Exercise directions: Take the entries below and print only the lines from the one with "The default permission" through the one with "This setup is", exactly as they stand, both ends included.

:::::

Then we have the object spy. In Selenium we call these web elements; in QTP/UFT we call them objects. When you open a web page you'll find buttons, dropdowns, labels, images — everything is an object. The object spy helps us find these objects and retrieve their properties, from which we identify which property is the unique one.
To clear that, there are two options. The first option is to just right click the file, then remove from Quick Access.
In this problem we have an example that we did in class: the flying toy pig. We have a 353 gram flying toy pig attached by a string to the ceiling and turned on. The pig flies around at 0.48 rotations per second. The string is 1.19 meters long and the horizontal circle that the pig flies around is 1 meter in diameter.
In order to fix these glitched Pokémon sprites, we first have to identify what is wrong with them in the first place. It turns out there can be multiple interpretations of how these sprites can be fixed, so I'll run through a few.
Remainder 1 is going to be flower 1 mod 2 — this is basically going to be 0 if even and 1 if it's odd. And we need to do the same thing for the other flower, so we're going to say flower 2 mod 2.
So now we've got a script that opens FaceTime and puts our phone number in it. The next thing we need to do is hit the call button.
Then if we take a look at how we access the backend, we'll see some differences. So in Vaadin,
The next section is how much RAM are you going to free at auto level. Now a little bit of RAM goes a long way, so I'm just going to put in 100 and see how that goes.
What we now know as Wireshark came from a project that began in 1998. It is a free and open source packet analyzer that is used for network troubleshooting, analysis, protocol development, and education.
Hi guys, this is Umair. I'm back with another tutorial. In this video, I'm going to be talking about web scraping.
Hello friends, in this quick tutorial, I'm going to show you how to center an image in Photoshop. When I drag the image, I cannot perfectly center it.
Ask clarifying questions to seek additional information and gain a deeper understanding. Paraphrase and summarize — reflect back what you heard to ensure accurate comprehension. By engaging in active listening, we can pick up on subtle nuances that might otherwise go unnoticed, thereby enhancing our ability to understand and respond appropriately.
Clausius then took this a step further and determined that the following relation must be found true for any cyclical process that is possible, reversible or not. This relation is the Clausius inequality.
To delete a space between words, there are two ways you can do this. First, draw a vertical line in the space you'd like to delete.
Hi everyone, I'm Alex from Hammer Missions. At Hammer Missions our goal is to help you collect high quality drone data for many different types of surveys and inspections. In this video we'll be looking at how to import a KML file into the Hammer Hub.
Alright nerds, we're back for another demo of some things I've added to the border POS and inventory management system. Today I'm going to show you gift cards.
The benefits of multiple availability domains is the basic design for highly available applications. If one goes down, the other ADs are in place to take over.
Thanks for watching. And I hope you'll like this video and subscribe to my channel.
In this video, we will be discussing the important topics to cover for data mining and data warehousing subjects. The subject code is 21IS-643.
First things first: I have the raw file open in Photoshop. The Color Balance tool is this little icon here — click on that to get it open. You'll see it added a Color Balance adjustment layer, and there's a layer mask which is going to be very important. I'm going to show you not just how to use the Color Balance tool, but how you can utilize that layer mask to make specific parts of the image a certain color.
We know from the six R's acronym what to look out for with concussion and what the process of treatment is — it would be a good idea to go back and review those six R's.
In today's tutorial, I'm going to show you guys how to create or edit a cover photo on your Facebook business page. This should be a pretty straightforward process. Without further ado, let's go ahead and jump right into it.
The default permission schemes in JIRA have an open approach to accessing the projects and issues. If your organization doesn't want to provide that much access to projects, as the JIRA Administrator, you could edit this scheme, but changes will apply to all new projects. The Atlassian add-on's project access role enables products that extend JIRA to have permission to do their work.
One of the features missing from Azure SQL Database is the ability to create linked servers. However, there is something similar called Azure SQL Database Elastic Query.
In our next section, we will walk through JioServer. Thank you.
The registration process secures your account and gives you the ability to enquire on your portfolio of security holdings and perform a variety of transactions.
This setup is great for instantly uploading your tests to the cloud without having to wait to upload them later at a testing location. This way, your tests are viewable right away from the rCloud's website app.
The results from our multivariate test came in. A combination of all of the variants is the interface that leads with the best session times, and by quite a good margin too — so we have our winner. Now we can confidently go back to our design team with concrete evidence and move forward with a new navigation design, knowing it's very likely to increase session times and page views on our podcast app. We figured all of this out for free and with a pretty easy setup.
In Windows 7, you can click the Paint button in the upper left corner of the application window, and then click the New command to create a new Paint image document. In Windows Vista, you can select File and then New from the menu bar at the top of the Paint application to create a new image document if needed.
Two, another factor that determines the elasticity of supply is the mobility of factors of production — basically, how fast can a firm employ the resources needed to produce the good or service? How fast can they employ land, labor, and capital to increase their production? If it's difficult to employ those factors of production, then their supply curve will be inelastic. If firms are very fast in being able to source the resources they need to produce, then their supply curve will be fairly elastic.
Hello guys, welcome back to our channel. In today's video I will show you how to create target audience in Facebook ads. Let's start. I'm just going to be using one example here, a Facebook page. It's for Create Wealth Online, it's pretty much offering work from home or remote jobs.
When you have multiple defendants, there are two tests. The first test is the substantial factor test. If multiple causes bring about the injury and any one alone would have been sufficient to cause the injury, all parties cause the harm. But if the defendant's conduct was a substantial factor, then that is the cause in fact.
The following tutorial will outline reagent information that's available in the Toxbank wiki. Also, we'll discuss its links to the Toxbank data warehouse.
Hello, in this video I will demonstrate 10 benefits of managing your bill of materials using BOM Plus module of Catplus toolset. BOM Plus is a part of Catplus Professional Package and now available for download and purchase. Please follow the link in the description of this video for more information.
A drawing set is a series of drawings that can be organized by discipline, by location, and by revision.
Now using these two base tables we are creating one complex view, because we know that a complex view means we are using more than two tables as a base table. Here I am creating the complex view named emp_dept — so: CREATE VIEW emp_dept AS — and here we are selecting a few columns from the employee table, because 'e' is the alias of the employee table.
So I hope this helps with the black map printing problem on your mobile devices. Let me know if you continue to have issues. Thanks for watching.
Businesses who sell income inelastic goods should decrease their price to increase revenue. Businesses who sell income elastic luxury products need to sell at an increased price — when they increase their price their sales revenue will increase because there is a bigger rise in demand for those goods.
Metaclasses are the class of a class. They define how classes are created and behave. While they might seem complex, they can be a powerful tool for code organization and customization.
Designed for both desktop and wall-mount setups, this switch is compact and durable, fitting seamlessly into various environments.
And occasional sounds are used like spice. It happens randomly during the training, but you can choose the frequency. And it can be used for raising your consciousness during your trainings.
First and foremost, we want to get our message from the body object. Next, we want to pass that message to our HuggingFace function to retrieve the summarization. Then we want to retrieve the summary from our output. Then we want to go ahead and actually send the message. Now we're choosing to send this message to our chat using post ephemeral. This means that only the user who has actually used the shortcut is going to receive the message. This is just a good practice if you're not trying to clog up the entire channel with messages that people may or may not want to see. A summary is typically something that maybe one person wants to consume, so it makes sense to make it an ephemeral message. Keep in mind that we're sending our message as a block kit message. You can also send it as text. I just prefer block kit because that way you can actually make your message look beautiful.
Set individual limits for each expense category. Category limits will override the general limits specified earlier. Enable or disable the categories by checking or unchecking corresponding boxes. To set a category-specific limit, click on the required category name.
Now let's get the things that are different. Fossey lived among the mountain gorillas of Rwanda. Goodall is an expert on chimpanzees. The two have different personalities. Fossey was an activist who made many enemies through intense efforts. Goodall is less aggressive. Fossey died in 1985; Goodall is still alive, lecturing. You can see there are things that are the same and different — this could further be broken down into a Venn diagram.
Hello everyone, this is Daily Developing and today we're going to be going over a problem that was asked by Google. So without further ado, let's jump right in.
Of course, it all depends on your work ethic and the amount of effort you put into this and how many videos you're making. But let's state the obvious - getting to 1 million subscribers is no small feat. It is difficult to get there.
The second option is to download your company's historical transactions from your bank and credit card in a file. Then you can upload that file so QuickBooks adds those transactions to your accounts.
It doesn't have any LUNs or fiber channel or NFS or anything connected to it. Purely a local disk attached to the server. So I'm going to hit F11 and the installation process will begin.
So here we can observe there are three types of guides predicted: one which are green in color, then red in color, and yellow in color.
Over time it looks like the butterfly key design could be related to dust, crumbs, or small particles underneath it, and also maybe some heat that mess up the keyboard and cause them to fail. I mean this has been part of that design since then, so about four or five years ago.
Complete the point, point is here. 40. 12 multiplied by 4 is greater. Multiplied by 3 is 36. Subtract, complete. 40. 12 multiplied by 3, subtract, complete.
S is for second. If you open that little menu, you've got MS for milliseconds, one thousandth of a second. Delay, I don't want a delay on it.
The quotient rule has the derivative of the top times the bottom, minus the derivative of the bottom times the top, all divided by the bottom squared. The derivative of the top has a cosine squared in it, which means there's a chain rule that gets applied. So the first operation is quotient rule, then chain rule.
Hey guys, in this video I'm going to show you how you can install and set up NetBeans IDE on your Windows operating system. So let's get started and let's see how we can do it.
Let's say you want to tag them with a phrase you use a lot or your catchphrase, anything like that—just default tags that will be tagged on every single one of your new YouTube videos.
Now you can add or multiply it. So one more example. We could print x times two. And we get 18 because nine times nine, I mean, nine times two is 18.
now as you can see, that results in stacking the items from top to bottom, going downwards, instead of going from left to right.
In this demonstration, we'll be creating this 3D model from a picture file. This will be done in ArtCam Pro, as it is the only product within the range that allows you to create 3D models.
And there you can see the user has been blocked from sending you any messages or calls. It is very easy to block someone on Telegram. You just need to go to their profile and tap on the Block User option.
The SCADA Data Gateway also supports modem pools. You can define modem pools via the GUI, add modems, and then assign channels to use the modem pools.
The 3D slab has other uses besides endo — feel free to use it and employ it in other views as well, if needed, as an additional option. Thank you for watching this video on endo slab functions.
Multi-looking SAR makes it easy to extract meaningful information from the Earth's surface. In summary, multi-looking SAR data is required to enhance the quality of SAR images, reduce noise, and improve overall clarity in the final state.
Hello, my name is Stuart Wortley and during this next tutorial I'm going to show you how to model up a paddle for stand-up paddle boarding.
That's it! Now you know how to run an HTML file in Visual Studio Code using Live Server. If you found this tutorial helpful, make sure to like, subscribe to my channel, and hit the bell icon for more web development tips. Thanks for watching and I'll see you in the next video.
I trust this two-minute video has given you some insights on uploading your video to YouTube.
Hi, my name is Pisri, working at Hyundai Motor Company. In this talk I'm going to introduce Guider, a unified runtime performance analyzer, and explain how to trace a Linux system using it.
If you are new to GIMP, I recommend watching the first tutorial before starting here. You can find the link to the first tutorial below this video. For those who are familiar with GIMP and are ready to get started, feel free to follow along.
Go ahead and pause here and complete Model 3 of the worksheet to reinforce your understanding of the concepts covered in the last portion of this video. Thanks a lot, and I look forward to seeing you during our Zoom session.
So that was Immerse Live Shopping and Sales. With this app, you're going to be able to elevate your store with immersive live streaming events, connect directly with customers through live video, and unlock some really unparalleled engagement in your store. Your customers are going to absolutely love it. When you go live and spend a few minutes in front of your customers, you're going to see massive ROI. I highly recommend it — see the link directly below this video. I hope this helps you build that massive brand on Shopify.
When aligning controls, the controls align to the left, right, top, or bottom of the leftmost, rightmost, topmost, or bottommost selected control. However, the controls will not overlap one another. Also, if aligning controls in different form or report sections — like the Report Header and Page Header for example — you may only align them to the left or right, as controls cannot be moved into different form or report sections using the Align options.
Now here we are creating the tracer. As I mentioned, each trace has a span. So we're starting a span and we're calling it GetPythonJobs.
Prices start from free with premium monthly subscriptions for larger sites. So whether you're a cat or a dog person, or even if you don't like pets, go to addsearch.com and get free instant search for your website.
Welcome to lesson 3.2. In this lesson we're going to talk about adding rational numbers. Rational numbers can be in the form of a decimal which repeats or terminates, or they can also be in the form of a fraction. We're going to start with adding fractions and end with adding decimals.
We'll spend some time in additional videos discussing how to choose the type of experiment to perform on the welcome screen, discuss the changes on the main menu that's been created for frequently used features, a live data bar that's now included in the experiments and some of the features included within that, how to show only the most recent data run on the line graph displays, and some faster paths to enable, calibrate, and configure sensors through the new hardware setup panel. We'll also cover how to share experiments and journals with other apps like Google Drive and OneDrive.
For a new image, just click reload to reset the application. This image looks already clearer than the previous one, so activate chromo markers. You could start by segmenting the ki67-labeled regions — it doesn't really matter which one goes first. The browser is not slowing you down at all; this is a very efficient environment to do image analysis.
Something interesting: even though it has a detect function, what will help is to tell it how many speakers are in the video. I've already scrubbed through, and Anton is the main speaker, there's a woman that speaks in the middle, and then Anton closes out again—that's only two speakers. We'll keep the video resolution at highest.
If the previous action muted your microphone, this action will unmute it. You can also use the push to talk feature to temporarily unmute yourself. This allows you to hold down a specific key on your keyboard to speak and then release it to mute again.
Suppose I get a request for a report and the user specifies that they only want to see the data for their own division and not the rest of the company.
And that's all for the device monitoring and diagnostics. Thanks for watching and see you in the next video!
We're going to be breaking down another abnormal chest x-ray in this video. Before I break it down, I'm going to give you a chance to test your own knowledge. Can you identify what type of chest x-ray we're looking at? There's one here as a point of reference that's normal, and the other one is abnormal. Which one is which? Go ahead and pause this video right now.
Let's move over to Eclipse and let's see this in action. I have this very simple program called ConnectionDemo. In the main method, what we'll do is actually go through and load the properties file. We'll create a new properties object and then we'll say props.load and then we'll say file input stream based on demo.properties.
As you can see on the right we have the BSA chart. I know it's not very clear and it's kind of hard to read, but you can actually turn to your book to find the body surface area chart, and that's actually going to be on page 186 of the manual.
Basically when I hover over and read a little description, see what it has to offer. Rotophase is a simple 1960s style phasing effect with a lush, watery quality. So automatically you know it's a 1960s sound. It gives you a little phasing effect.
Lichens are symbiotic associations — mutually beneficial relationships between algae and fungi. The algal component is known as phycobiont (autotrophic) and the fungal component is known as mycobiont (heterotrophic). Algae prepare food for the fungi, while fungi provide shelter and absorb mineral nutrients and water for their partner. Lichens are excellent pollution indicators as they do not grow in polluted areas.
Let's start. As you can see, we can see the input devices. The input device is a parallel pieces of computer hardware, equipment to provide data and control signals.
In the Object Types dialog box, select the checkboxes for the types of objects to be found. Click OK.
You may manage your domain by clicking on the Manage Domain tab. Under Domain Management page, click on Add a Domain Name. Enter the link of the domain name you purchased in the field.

:::::

Problem solution:
The default permission schemes in JIRA have an open approach to accessing the projects and issues. If your organization doesn't want to provide that much access to projects, as the JIRA Administrator, you could edit this scheme, but changes will apply to all new projects. The Atlassian add-on's project access role enables products that extend JIRA to have permission to do their work.
One of the features missing from Azure SQL Database is the ability to create linked servers. However, there is something similar called Azure SQL Database Elastic Query.
In our next section, we will walk through JioServer. Thank you.
The registration process secures your account and gives you the ability to enquire on your portfolio of security holdings and perform a variety of transactions.
This setup is great for instantly uploading your tests to the cloud without having to wait to upload them later at a testing location. This way, your tests are viewable right away from the rCloud's website app.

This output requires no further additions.